**TO DO:** Everything in the data should be repeated exactly, save for the images.
Start of DATA PROVIDED
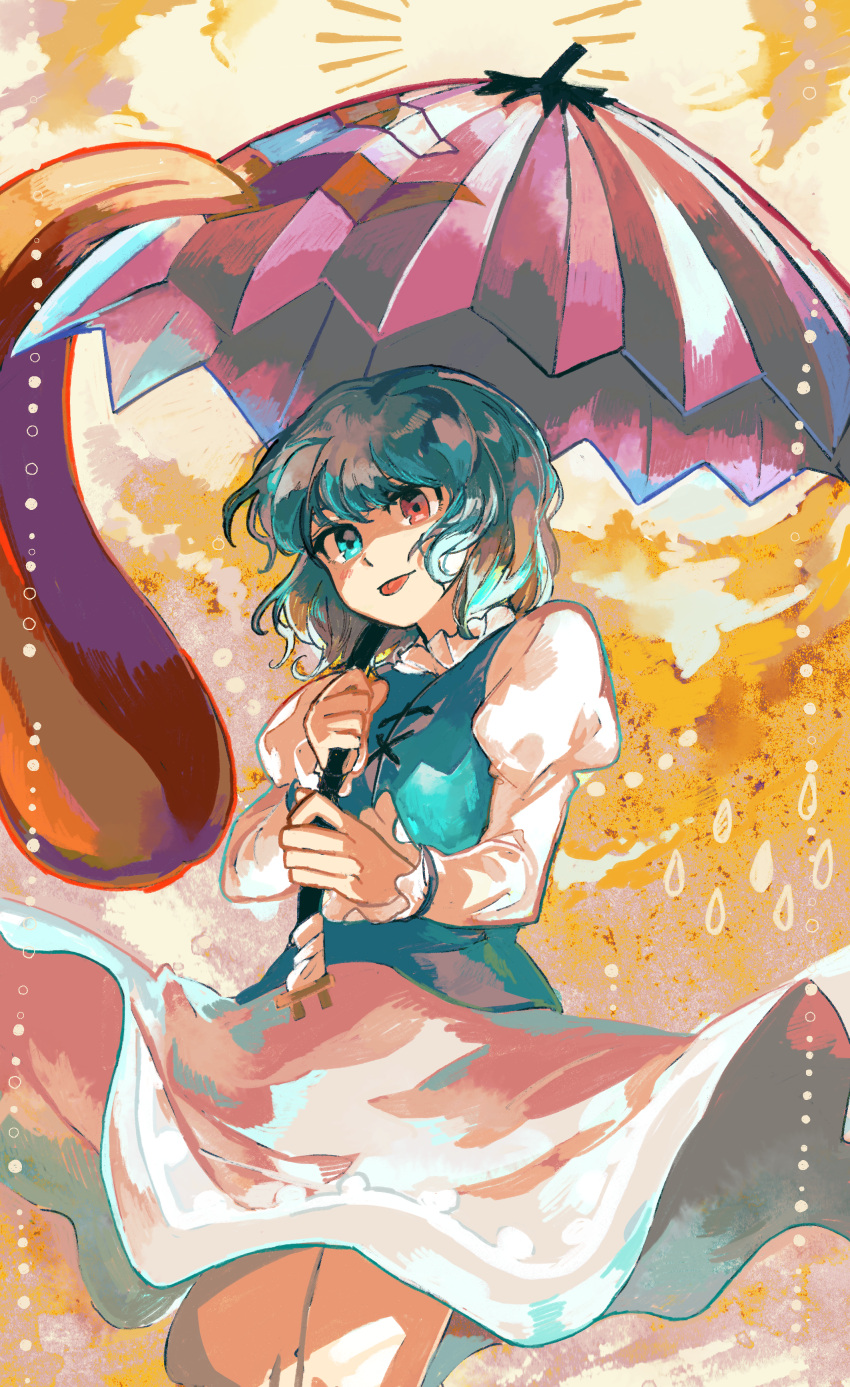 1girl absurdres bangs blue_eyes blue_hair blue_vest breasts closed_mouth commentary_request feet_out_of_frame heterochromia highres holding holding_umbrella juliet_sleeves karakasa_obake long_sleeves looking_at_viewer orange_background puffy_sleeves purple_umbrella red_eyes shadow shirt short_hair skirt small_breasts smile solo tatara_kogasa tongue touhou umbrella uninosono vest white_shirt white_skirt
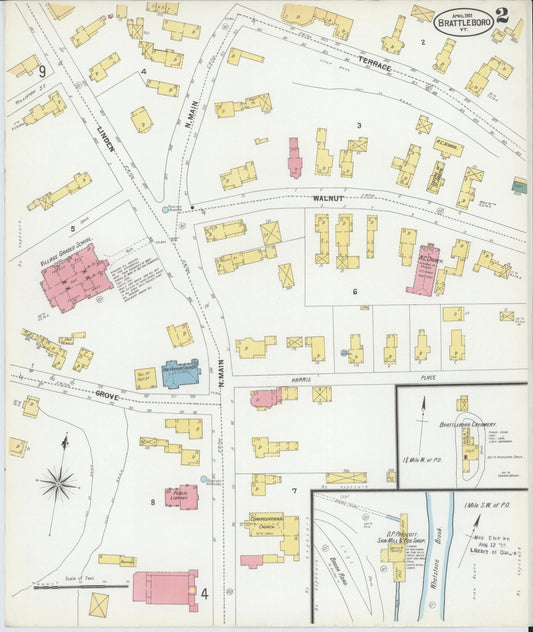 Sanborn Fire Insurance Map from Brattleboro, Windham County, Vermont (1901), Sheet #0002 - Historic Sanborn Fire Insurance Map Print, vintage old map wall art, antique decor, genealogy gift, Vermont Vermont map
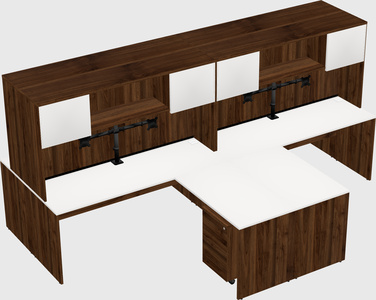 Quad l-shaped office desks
End of DATA PROVIDED
**EXPECTED ANSWER:**
 1girl absurdres bangs blue_eyes blue_hair blue_vest breasts closed_mouth commentary_request feet_out_of_frame heterochromia highres holding holding_umbrella juliet_sleeves karakasa_obake long_sleeves looking_at_viewer orange_background puffy_sleeves purple_umbrella red_eyes shadow shirt short_hair skirt small_breasts smile solo tatara_kogasa tongue touhou umbrella uninosono vest white_shirt white_skirt
 Sanborn Fire Insurance Map from Brattleboro, Windham County, Vermont (1901), Sheet #0002 - Historic Sanborn Fire Insurance Map Print, vintage old map wall art, antique decor, genealogy gift, Vermont Vermont map
 Quad l-shaped office desks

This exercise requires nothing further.